I'm half single.
Please tell me it's the bottom half.
I just crawled out of a second story window using a sheet and his clothes for a rope so he wouldn't wake up.
I am so glad I watched Macgyver as a kid.
You know you hit rock bottom when you make out with a guy named after a cereal.
If you try to operate on me with a Bic pen and vodka, I'm never talking to you again
Yeah. I stopped her before she flashed the guy for a free slice of pizza. She called me a gentleman and then before I knew it she was in my bed.
Dont forget the glove box taco bell stash i saved for drunk us.
I just hit myself in the face while taking off my shirt. I could never be a stripper.
Did he seem like the type of guy that would maybe take weed as payment?

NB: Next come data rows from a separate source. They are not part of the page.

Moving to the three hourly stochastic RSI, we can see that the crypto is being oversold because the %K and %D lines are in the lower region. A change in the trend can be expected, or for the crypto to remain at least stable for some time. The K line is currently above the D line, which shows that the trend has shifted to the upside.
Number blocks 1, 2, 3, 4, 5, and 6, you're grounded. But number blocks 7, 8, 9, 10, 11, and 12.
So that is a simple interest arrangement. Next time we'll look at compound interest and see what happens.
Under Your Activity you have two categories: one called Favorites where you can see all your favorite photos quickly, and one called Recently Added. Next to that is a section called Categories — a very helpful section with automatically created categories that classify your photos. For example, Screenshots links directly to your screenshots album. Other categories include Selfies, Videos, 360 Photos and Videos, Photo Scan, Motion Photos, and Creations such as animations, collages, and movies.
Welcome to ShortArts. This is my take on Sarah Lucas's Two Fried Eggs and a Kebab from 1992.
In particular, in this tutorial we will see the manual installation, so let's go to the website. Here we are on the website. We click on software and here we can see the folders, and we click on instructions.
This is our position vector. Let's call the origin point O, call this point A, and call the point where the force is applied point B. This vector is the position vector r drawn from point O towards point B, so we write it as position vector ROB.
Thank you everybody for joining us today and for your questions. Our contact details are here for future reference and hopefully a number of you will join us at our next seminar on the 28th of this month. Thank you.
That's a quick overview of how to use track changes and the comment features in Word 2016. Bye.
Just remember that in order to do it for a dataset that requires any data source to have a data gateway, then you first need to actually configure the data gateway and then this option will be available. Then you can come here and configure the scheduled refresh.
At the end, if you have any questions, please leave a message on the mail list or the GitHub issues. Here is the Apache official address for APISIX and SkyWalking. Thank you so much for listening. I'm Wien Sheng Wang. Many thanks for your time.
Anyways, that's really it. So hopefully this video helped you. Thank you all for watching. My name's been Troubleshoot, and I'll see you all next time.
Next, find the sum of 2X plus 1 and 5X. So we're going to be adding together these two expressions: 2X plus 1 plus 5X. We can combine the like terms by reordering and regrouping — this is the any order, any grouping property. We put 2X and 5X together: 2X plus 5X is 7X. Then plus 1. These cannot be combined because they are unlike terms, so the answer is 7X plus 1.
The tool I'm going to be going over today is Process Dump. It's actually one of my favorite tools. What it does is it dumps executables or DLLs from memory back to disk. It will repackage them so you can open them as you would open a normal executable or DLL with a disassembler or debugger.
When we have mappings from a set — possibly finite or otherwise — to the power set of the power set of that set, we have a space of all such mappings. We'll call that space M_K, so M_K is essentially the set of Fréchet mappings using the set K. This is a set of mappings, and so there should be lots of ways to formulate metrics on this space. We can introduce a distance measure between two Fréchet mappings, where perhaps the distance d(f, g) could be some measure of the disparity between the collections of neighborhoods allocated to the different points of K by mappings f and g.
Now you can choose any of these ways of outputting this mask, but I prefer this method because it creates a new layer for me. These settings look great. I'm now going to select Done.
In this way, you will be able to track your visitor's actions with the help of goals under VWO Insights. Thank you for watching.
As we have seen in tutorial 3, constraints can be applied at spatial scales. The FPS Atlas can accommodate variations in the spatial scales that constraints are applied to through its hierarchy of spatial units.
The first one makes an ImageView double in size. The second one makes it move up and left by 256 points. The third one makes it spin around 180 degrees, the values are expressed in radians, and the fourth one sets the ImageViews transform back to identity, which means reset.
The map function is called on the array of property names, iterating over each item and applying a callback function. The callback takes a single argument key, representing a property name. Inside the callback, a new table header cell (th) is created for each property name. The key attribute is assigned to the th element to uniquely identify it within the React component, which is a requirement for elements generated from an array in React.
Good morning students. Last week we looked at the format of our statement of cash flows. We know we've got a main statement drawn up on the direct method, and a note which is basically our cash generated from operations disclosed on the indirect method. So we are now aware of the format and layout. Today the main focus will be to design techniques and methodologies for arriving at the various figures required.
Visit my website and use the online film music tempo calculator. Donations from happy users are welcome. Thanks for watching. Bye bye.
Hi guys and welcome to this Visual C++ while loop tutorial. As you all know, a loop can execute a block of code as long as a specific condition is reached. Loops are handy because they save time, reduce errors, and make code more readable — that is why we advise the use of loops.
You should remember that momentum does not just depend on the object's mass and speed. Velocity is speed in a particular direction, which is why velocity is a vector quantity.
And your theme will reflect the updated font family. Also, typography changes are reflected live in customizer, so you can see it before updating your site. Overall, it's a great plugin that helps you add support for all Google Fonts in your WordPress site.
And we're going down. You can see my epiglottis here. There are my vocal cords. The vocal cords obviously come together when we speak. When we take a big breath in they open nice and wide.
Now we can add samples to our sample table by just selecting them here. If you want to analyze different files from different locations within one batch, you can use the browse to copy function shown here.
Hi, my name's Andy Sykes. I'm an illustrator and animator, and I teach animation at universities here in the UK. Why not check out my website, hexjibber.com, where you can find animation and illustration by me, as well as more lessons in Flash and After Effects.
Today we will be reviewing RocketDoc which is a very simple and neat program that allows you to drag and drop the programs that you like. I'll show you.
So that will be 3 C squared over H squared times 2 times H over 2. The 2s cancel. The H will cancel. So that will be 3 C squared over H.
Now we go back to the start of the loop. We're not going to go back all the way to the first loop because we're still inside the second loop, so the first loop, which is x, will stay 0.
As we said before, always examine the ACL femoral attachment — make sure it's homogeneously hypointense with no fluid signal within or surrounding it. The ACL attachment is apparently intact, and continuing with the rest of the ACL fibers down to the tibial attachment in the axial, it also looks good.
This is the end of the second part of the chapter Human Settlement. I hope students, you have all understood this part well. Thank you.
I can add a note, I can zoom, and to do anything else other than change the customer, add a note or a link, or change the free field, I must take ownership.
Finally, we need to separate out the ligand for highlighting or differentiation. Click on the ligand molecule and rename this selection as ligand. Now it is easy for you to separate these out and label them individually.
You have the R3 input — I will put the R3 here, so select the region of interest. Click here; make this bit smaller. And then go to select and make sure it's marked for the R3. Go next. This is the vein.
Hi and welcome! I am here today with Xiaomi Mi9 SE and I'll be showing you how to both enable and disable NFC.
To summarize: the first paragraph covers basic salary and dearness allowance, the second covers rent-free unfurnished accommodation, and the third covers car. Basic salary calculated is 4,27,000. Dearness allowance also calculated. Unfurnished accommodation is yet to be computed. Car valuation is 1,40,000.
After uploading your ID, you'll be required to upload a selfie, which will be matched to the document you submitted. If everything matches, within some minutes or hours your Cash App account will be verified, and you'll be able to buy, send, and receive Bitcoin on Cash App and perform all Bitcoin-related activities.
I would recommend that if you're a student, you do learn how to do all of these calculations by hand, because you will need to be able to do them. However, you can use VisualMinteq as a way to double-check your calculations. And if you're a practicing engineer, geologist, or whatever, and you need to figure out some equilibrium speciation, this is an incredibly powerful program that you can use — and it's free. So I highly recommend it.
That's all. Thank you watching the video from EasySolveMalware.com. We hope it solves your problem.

Wake up we need to beat the walk of shame rush hour
And, through a series of unfortunate events, I am at my grandmothers birthday party in a short dress and no underwear
Based on the fact my iPad is covered in pizza, I'm going to assume I ate pizza last night
Dude. Where are you? I'm making waffles in the waffle iron. It's beautiful.
I'm a college student and my dad gets more ass than I do..... do you see a problem here?
Help. I am eating nachos. But I'm with some guy. I need help. I don't know where I am. The nachos were so good. I'll bring them but help me.
I knew I no longer wanted to bone him when he put the Grease soundtrack on as "mood music", no guy looks attractive singing and dancing to greased lightning naked.